Web Scraping with Jupyter Notebooks

Web Scraping with Jupyter Notebooks

In this guide, I’m going to show you how to use 🌠Jupyter Notebooks🌠 for web scraping. We’ll walk through everything step by step — from writing your scraping code to understanding the data and creating valuable visualizations. Trust me, it’ll make your scraping tasks much smoother and more efficient! Let’s dive in.

What are Jupyter Notebooks?

Jupyter Notebooks are interactive documents that combine live code, visualizations, and narrative text in a single, shareable document. They are widely used in data science, machine learning, and research fields for their real-time flexibility and ability to document work. In Jupyter Notebooks, you can write Python code in small cells, run them independently, and observe the output immediately.

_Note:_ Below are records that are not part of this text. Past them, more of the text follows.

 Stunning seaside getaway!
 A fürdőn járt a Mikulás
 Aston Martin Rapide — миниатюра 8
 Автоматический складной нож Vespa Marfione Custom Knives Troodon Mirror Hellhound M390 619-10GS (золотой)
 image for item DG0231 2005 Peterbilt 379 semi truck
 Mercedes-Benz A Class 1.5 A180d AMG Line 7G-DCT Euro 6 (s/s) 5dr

These notebooks support various languages, but Python is the most commonly used language due to its simplicity and the many libraries available. Jupyter allows you to interact with your data, create plots, and debug code within one notebook. It’s especially useful for data exploration, making it an ideal tool for web scraping.

No-Code Alternatives

You can go over my article that lists the top no-code scrapers. Or, you can go over this TL;DR:

  1. Bright Data — Enterprise-grade tool for high-volume data extraction.
  2. Octoparse — Flexible multi-tool with free and premium plans.
  3. ParseHub — Beginner-friendly, good free plan, some bugs.
  4. Apify — Pre-made templates, great for niche use cases.
  5. Web Scraper — Localized scraping via browser extension, user-friendly.

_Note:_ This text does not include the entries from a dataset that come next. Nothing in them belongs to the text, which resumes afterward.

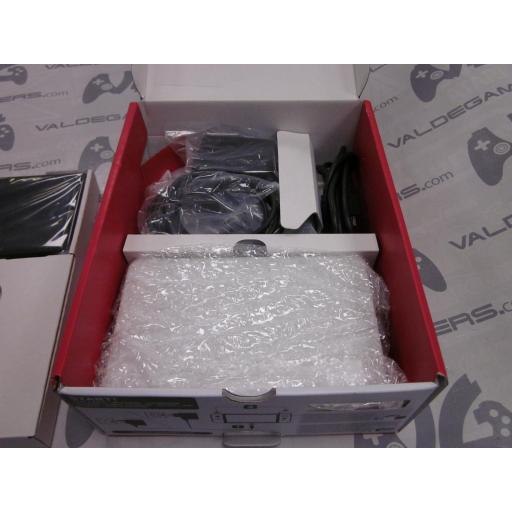 Nintendo Switch, OLED 64GB + Joy-Con Blanca en caja [3]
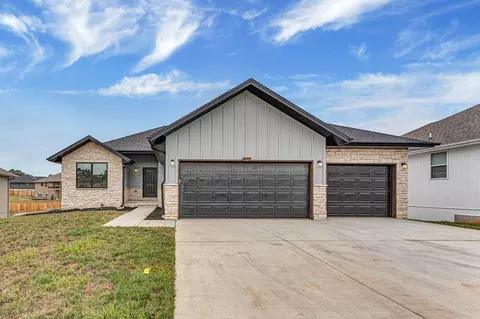 Exterior - 675 W Castor Loop, Nixa, MO 65714 photo 2 of 9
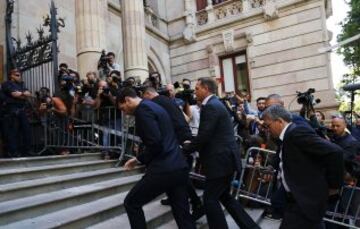 Messi llega a los juzgados de Barcelona.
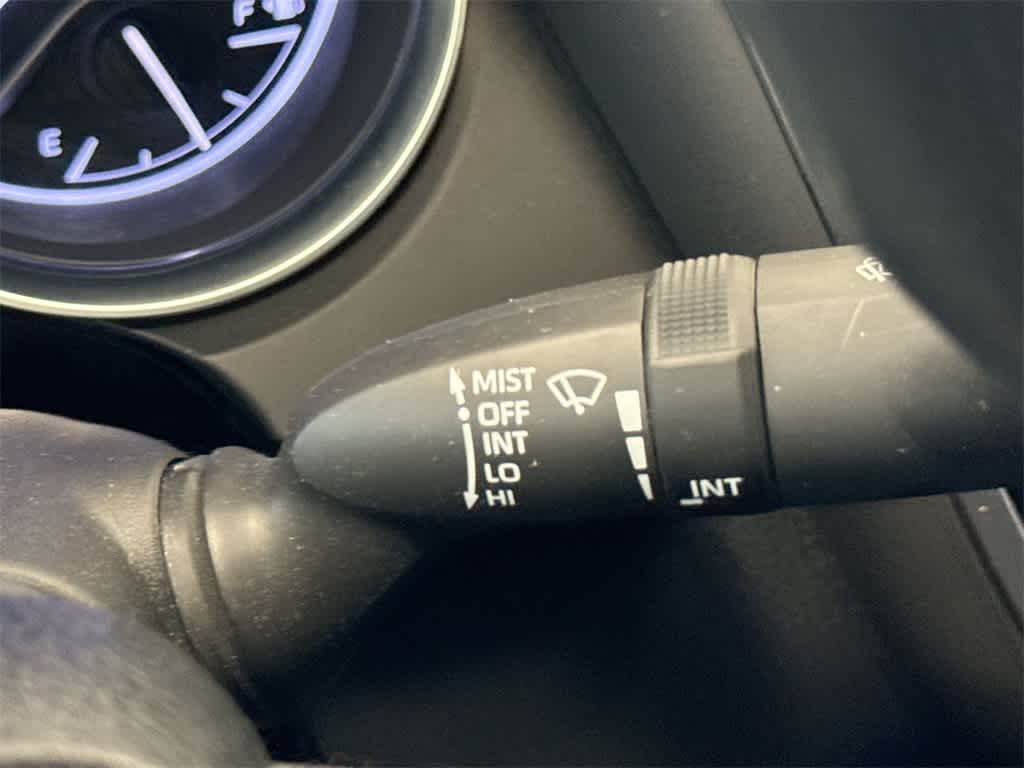 Thumbnail: 2020 Toyota Camry - 25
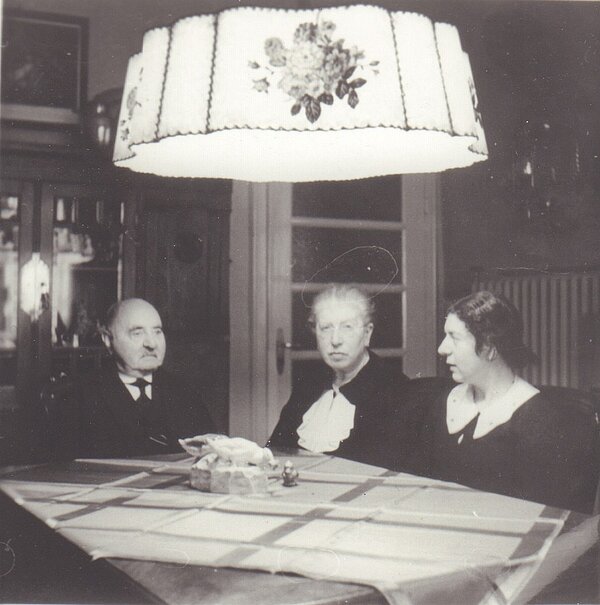 Ehepaar Henny und Siegfried Insel mit Tochter Grete, Hannover 1937. Bild: Stadtmuseum Oldenburg, ehemals Sammlung Friederichsen.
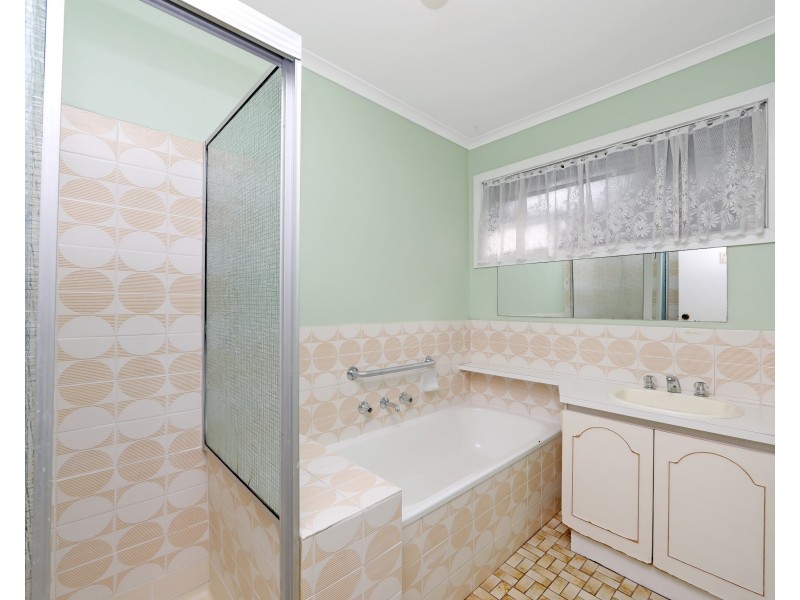 7 Goldsmith  Close, Endeavour Hills VIC 3802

I am not affiliated with any of them. Now, let’s go back to Jupyter 🌟!

Why Use Jupyter Notebooks for Web Scraping?

Jupyter Notebooks are especially well-suited for web scraping for several reasons:

Interactive Development

Jupyter’s interactive nature allows you to write and execute code in small chunks called cells. This means you can test individual parts of your scraping code, inspect the results, and adjust as needed. This iterative approach helps you quickly identify and fix issues.

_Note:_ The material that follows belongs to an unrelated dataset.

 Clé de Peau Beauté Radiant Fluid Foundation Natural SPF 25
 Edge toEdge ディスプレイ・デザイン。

Documentation and Explanation

With the Markdown feature in Jupyter Notebooks, you can document each process step in plain text, explain your code logic, and provide annotations. Revisiting it later makes your work more understandable to others (or yourself). It’s an excellent way to create tutorials and share knowledge.

Data Analysis and Visualization

Once you’ve scraped the data, Jupyter Notebooks allow you to process, analyze, and visualize it within the same environment. You can manipulate your data and create insightful visualizations using libraries such as pandas, matplotlib, and seaborn.

Reproducibility and Sharing

Jupyter Notebooks can be easily shared as .ipynb files, allowing others to view and run the code on their systems. You can also export notebooks to other formats, such as HTML or PDF, to share your results more polishedly.

How to Use Jupyter Notebooks for Web Scraping?

Before you can start scraping, you need to set up your environment. Below is a simple guide to get you started.

Step 1: Install Python and Jupyter

Make sure you have Python 3.6 or higher installed on your machine. If not, you can download it from the official Python website.

Once you install Python, you can install Jupyter Notebooks using pip, Python’s package manager.

pip install jupyter

Step 2: Create a Virtual Environment

It’s a good practice to create a virtual environment for your project to keep dependencies organized. You can create a new virtual environment with the following command:

python -m venv scraper

Then, activate the environment:

  • Windows: scraper\Scripts\activate
  • macOS/Linux: source scraper/bin/activate

Step 3: Install Required Libraries

Next, install the necessary libraries for web scraping and data analysis. These libraries include requestsBeautifulSouppandas, and seaborn for scraping and visualizing the data.

pip install requests beautifulsoup4 pandas seaborn

Once the libraries are installed, you can launch Jupyter Notebook with:

jupyter notebook

This command will open the Jupyter dashboard in your browser, where you can create a new notebook and start writing your web scraping code.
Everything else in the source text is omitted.